Mic/Piranavan Sucindran

"I just see it [the shooting] and I think, 'You know what? I'm really glad I'm not raising my kids in America,' because I send Krishna off to nursery everyday and I'm not worried about someone going in toting a gun and killing all the children — and I think of that awful incident in the [Sandy Hook] primary school."

Sucindran and his family fled Sri Lanka when he was 2 years old due to the escalating civil war at the time: 

"We went there about 18 years after we left and we returned to my parents' house — that love built — and there were bullet holes in the walls and shells on the porch. I mean, that's war. That's enemy combat. That's the kind of situation where you actually could do with an assault rifle at home ... And if that's what you want, shells in your back garden, that's what you'll get. Violence begets more violence."

"Someone needs to wake up and say, 'Yeah, the gun lobby does give us a lot of money, but are we sacrificing something so much bigger?'"

National Rifle Association

Buthaina Noman, 32, Yemeni-American

"Countries that have the biggest security issues are the ones with the fewest gun laws. A lot of times I find it baffling that Americans have the same mentality towards guns as Yemenis. There must be a solution. Just dealing with the status quo is not a solution."
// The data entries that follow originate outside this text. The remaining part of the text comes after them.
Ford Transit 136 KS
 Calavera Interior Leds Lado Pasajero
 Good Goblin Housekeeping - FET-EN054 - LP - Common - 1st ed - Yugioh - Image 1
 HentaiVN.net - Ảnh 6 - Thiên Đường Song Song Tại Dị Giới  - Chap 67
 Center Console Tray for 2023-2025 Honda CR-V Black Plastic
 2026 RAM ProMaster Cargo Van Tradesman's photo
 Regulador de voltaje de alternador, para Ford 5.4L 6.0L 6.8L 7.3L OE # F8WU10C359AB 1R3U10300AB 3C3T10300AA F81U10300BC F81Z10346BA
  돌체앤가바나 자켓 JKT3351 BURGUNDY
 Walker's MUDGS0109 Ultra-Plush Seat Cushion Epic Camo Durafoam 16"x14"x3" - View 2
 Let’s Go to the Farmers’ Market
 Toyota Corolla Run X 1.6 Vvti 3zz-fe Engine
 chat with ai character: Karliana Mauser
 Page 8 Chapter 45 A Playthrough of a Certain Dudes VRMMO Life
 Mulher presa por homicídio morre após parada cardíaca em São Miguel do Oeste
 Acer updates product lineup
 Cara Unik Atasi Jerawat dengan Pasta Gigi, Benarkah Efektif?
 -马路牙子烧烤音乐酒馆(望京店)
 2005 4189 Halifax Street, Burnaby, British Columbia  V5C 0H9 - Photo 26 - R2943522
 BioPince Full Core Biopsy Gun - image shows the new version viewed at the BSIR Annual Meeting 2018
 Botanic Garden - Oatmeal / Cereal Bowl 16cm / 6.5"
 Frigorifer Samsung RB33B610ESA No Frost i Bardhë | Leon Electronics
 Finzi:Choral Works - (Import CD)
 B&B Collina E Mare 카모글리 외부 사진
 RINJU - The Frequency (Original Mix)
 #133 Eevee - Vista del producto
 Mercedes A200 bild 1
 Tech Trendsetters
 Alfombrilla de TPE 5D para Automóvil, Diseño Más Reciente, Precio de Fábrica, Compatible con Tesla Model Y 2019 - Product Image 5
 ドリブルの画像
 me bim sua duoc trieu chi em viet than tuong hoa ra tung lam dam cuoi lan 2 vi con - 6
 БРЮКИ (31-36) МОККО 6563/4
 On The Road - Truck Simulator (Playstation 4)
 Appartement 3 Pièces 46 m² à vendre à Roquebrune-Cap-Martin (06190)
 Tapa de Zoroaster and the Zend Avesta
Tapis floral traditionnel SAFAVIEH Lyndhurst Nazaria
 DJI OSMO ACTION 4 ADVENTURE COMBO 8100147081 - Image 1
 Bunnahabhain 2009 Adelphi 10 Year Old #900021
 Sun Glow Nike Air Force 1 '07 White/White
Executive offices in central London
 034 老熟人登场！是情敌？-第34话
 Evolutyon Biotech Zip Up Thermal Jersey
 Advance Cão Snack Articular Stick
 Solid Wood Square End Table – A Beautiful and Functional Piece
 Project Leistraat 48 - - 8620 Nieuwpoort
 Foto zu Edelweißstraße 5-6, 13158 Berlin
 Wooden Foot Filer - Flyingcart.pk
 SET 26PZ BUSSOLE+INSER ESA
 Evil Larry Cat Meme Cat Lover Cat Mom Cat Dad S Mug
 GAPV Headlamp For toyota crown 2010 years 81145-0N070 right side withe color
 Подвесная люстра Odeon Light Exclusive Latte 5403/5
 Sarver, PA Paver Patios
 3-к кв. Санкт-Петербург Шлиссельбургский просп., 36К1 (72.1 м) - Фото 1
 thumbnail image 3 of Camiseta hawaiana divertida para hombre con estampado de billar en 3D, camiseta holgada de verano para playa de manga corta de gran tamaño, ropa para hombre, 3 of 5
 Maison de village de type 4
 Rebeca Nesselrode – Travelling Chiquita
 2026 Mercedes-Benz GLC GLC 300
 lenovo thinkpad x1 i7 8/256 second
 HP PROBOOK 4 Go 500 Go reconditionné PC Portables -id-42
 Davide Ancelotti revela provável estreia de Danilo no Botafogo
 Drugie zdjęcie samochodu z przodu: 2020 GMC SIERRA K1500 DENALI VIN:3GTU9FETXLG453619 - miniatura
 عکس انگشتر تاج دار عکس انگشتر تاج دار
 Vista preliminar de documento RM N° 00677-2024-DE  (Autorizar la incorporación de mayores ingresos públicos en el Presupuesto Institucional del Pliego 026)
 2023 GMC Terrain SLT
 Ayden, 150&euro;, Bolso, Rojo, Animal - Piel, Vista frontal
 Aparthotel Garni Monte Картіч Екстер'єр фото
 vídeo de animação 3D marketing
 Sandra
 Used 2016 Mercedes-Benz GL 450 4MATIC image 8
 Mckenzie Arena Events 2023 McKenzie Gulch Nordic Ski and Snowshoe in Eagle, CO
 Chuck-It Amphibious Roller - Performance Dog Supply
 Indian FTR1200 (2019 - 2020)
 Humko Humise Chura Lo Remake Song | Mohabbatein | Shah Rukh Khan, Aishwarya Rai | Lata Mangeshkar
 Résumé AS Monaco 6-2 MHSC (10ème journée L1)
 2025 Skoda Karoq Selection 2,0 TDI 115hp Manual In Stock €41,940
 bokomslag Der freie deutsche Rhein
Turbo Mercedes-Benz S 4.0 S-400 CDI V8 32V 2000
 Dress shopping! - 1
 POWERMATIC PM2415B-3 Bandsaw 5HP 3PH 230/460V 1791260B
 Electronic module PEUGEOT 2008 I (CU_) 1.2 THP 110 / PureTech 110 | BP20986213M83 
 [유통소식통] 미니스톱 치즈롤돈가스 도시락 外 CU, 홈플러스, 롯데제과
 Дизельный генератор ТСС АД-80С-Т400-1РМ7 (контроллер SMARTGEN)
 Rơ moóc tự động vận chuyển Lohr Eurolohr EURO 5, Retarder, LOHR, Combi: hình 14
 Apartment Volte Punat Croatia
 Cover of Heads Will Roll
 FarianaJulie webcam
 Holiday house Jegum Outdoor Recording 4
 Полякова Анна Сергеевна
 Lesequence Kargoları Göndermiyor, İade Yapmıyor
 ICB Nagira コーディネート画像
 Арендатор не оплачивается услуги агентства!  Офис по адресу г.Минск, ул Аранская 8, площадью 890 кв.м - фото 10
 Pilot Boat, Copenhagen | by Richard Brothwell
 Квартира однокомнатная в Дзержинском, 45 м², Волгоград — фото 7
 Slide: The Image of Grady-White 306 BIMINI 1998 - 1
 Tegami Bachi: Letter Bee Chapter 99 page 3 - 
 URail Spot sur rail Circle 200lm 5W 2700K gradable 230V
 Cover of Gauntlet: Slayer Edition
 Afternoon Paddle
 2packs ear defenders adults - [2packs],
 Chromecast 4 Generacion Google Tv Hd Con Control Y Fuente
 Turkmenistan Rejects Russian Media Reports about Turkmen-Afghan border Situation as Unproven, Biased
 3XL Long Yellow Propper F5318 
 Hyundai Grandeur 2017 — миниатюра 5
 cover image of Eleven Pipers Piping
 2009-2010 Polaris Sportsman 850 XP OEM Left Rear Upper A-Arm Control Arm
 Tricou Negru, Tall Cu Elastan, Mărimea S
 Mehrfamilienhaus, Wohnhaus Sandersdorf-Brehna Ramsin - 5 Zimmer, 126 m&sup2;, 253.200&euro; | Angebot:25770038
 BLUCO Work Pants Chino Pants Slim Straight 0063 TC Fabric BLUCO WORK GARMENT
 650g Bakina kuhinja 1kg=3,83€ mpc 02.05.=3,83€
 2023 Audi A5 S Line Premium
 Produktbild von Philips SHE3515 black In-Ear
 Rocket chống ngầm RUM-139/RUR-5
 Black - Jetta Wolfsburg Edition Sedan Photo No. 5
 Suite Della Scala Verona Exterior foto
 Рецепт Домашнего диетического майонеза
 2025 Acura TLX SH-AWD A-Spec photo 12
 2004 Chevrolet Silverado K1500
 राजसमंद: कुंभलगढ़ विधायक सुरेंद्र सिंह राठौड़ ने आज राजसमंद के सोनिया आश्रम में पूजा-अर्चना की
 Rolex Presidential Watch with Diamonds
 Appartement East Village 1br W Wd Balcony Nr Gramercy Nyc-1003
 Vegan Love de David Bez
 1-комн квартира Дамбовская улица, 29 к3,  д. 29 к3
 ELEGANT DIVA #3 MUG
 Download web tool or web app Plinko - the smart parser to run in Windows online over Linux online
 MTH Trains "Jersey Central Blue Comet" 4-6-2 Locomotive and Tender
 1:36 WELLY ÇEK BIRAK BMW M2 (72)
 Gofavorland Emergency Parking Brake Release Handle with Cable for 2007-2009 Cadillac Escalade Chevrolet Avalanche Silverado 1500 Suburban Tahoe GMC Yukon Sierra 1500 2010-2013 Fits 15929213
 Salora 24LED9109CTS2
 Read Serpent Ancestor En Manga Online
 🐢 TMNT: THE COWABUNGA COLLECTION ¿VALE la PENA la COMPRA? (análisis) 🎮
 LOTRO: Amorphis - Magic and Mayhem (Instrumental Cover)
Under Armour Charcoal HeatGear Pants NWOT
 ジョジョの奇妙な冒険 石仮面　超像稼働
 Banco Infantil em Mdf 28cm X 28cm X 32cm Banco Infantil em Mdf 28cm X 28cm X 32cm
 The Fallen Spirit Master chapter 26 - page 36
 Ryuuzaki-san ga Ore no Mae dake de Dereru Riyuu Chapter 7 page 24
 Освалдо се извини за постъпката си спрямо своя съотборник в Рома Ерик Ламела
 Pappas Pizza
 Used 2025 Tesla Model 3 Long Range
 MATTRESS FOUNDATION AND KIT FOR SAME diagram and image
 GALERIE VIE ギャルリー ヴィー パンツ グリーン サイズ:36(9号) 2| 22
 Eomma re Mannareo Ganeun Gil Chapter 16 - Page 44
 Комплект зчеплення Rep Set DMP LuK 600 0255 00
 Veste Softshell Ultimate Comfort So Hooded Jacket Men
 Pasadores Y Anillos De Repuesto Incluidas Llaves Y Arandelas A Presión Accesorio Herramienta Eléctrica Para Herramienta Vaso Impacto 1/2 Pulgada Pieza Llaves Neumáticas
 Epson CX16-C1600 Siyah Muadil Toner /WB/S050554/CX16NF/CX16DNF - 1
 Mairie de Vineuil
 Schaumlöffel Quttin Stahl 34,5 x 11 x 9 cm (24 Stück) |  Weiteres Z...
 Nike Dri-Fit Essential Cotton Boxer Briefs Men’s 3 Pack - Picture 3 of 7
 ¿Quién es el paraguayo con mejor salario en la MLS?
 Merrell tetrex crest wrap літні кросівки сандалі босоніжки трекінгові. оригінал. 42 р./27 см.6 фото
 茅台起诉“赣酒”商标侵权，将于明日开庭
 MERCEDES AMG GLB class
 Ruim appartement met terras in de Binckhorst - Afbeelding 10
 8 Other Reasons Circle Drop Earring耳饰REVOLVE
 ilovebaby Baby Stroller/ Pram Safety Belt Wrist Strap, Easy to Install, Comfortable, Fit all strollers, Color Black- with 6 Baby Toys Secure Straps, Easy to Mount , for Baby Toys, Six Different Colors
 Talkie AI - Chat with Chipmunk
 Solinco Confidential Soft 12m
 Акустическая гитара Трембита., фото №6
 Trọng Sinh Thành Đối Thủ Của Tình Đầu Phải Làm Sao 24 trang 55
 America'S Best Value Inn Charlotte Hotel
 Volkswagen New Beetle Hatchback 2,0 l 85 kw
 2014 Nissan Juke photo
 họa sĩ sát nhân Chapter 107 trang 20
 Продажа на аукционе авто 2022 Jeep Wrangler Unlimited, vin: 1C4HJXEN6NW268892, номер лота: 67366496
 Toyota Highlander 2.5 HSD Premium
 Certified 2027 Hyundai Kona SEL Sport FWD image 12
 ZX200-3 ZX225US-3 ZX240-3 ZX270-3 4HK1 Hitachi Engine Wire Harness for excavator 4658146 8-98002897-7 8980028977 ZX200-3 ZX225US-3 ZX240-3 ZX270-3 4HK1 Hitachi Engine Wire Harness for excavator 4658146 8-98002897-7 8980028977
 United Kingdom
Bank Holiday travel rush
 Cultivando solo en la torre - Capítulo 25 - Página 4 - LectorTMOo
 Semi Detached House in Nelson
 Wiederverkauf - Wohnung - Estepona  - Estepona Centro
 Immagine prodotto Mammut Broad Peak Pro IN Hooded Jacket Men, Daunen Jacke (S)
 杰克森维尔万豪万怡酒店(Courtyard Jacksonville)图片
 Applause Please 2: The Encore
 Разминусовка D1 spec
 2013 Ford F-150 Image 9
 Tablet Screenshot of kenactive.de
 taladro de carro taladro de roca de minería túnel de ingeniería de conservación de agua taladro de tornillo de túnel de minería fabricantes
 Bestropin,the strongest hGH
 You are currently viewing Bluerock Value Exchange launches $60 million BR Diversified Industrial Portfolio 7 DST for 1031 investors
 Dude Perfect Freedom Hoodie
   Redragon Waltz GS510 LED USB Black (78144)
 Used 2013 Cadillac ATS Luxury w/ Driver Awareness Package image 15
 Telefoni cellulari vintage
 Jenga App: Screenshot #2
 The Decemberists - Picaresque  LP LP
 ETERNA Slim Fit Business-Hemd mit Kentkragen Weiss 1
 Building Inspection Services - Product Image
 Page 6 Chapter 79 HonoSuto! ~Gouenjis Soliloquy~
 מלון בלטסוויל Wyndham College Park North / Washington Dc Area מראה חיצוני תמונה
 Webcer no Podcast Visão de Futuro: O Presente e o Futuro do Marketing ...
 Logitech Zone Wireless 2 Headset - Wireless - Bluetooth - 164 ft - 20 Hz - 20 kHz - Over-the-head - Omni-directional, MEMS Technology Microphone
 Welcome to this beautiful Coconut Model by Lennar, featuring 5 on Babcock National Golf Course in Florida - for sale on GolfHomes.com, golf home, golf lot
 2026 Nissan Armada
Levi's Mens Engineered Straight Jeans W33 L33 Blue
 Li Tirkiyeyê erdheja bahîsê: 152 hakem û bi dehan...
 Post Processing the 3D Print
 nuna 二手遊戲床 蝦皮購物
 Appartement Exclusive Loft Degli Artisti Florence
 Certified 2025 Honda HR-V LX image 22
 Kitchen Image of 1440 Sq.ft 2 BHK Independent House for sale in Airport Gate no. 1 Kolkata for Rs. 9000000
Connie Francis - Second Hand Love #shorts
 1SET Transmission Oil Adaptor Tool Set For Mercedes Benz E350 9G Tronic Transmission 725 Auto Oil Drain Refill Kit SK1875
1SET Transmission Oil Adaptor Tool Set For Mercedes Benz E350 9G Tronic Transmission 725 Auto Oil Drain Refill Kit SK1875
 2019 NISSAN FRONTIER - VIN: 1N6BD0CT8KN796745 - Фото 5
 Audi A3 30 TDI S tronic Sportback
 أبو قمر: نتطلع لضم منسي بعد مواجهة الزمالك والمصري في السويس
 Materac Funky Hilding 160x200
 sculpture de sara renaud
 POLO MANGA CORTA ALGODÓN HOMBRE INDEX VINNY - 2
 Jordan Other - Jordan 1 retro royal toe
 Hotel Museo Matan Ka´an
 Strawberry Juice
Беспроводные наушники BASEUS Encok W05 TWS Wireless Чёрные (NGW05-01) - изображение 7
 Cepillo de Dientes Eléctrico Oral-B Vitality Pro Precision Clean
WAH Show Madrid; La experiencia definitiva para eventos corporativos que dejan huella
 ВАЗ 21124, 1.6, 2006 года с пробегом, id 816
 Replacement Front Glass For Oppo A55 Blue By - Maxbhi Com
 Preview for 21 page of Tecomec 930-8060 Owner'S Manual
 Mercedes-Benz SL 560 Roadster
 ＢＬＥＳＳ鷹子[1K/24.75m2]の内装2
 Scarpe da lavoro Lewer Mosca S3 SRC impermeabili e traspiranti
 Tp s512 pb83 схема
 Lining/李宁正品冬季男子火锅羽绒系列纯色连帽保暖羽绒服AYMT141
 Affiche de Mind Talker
"One of the biggest problems I have with this is the media reiterating the fact that they [alleged shooters Tashfeen Malik and Syed Farook] were from a 'moderate Muslim' family. It creates further fear towards Muslims. Now they [pro-gun Americans] want more guns because now they think your neighbor, who was previously cool or 'moderate,' is going to shoot at you. Whether it's Islamic terrorism or black folks, all this is fear-mongering."

Heidi Taksdal Skjeseth, 35, Norwegian

"I've stopped being surprised. Now I'm just angry, I was sad at first, but now it's anger — because it's preventable."

"I hope that this time it will be different, but we already saw Obama being upset and angry and we saw all the Republicans hoping and praying, as they do every time. I wonder what it will take, how big a tragedy, before something is done. When Newtown [Connecticut] didn't change anything, I kind of lost my optimism."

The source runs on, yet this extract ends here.